What you should do |
Should the listing contain images, exclude them; give the rest again exactly.

Recorded information |
+ + + + +

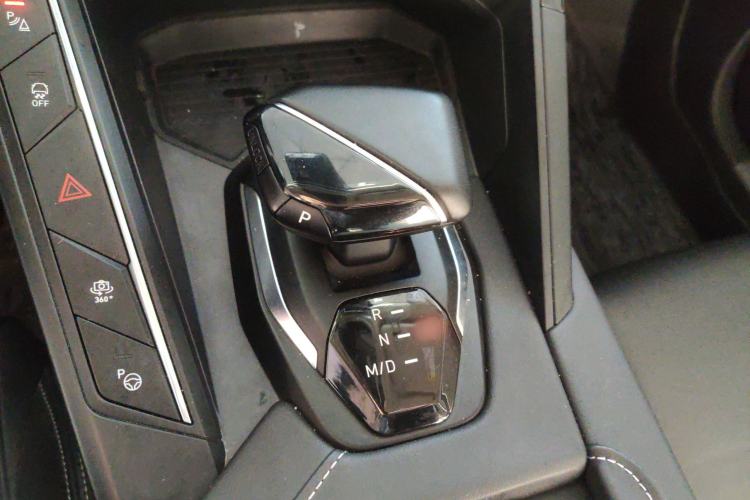 Used Lynk & Co 06 2021 1.5T Shero Pink Special Edition Gear Lever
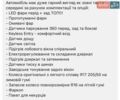 Синий Шкода Октавия, объемом двигателя 1.6 л и пробегом 255 тыс. км за 13750 $, фото 1 на Automoto.ua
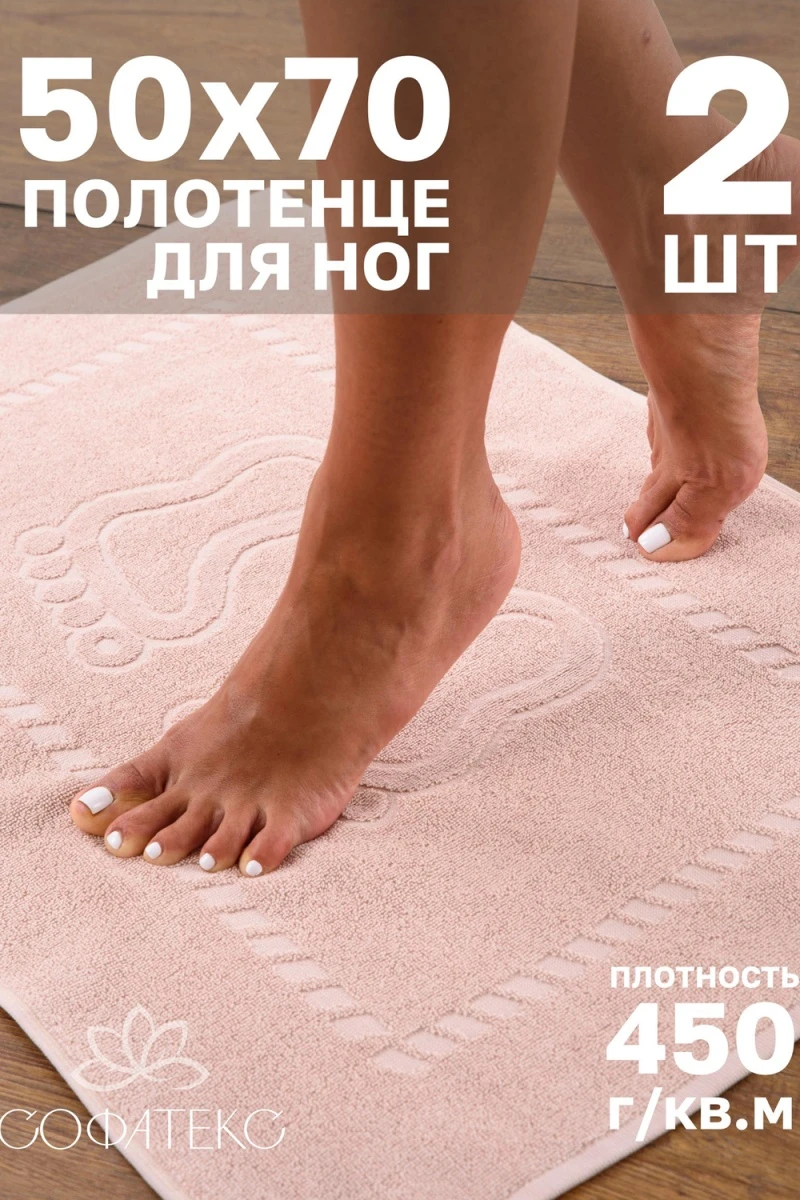 Полотенце Софатекс 50 * 70 коврик ножки 2шт (бежевый)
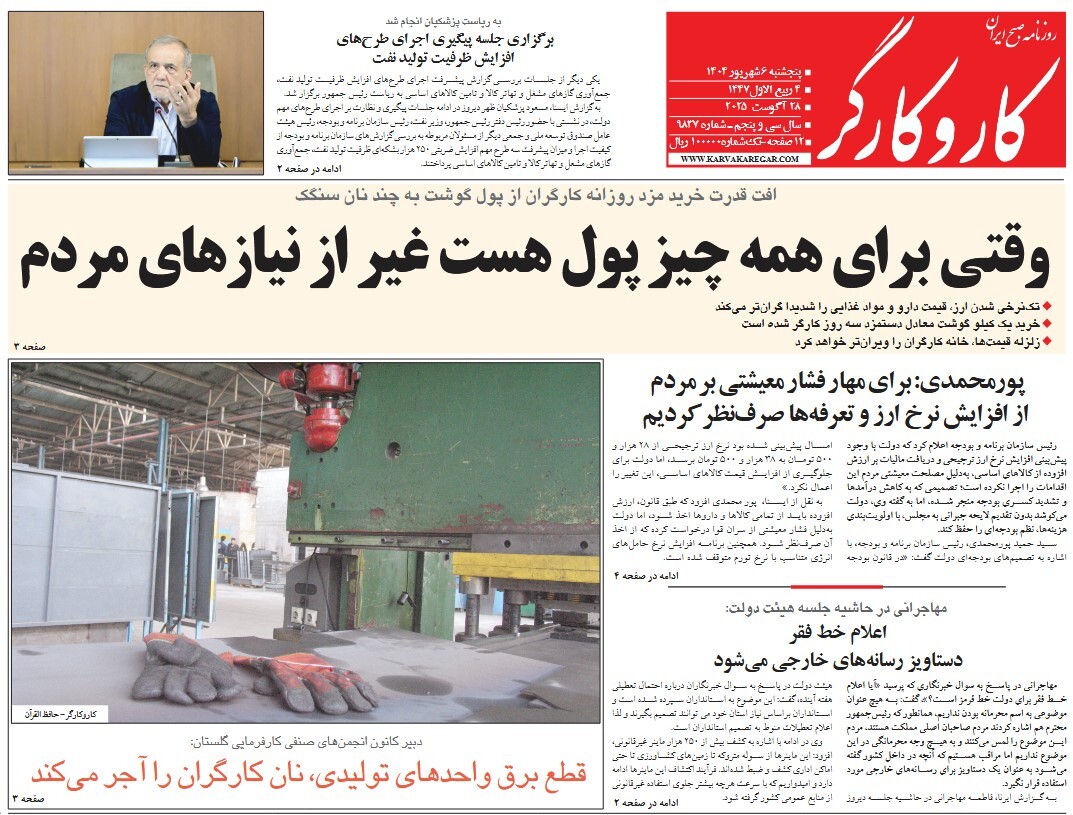 صفحه نخست روزنامه‌ های ششم شهریور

+ + + + +

Task solution |
 Used Lynk & Co 06 2021 1.5T Shero Pink Special Edition Gear Lever
 Синий Шкода Октавия, объемом двигателя 1.6 л и пробегом 255 тыс. км за 13750 $, фото 1 на Automoto.ua
 Полотенце Софатекс 50 * 70 коврик ножки 2шт (бежевый)
 صفحه نخست روزنامه‌ های ششم شهریور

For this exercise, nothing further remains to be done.